Give each record below again, without a single difference.

Provided information section start

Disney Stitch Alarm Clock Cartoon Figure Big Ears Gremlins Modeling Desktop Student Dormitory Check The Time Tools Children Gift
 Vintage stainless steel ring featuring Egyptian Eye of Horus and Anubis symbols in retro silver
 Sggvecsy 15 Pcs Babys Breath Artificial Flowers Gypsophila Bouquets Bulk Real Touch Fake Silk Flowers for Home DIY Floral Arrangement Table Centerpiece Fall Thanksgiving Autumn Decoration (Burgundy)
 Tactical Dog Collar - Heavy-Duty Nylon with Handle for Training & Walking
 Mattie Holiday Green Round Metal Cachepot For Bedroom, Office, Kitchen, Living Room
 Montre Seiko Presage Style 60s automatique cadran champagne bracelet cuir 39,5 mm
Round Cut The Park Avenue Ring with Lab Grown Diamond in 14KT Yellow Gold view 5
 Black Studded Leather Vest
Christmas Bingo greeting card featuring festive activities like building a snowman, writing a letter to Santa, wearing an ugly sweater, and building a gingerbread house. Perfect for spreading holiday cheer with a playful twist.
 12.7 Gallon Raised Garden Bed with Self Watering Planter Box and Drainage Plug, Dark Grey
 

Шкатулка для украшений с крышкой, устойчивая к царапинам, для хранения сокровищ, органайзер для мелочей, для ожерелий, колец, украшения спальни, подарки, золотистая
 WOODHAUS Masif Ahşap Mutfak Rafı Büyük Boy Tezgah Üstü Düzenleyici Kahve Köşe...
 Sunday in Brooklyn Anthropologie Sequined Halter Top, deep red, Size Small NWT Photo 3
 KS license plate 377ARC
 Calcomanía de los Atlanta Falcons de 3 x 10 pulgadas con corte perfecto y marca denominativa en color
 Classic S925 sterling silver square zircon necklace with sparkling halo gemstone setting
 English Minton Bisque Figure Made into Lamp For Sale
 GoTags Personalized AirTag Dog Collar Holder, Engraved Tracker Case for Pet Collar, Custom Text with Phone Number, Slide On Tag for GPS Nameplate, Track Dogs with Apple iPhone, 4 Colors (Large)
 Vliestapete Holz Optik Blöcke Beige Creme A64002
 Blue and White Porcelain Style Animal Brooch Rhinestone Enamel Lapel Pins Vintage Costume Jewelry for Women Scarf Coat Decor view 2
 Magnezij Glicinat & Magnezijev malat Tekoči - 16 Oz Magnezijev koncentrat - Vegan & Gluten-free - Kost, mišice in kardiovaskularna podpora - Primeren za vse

Provided information section end

- [Reply]
Disney Stitch Alarm Clock Cartoon Figure Big Ears Gremlins Modeling Desktop Student Dormitory Check The Time Tools Children Gift
 Vintage stainless steel ring featuring Egyptian Eye of Horus and Anubis symbols in retro silver
 Sggvecsy 15 Pcs Babys Breath Artificial Flowers Gypsophila Bouquets Bulk Real Touch Fake Silk Flowers for Home DIY Floral Arrangement Table Centerpiece Fall Thanksgiving Autumn Decoration (Burgundy)
 Tactical Dog Collar - Heavy-Duty Nylon with Handle for Training & Walking
 Mattie Holiday Green Round Metal Cachepot For Bedroom, Office, Kitchen, Living Room
 Montre Seiko Presage Style 60s automatique cadran champagne bracelet cuir 39,5 mm
Round Cut The Park Avenue Ring with Lab Grown Diamond in 14KT Yellow Gold view 5
 Black Studded Leather Vest
Christmas Bingo greeting card featuring festive activities like building a snowman, writing a letter to Santa, wearing an ugly sweater, and building a gingerbread house. Perfect for spreading holiday cheer with a playful twist.
 12.7 Gallon Raised Garden Bed with Self Watering Planter Box and Drainage Plug, Dark Grey
 

Шкатулка для украшений с крышкой, устойчивая к царапинам, для хранения сокровищ, органайзер для мелочей, для ожерелий, колец, украшения спальни, подарки, золотистая
 WOODHAUS Masif Ahşap Mutfak Rafı Büyük Boy Tezgah Üstü Düzenleyici Kahve Köşe...
 Sunday in Brooklyn Anthropologie Sequined Halter Top, deep red, Size Small NWT Photo 3
 KS license plate 377ARC
 Calcomanía de los Atlanta Falcons de 3 x 10 pulgadas con corte perfecto y marca denominativa en color
 Classic S925 sterling silver square zircon necklace with sparkling halo gemstone setting
 English Minton Bisque Figure Made into Lamp For Sale
 GoTags Personalized AirTag Dog Collar Holder, Engraved Tracker Case for Pet Collar, Custom Text with Phone Number, Slide On Tag for GPS Nameplate, Track Dogs with Apple iPhone, 4 Colors (Large)
 Vliestapete Holz Optik Blöcke Beige Creme A64002
 Blue and White Porcelain Style Animal Brooch Rhinestone Enamel Lapel Pins Vintage Costume Jewelry for Women Scarf Coat Decor view 2
 Magnezij Glicinat & Magnezijev malat Tekoči - 16 Oz Magnezijev koncentrat - Vegan & Gluten-free - Kost, mišice in kardiovaskularna podpora - Primeren za vse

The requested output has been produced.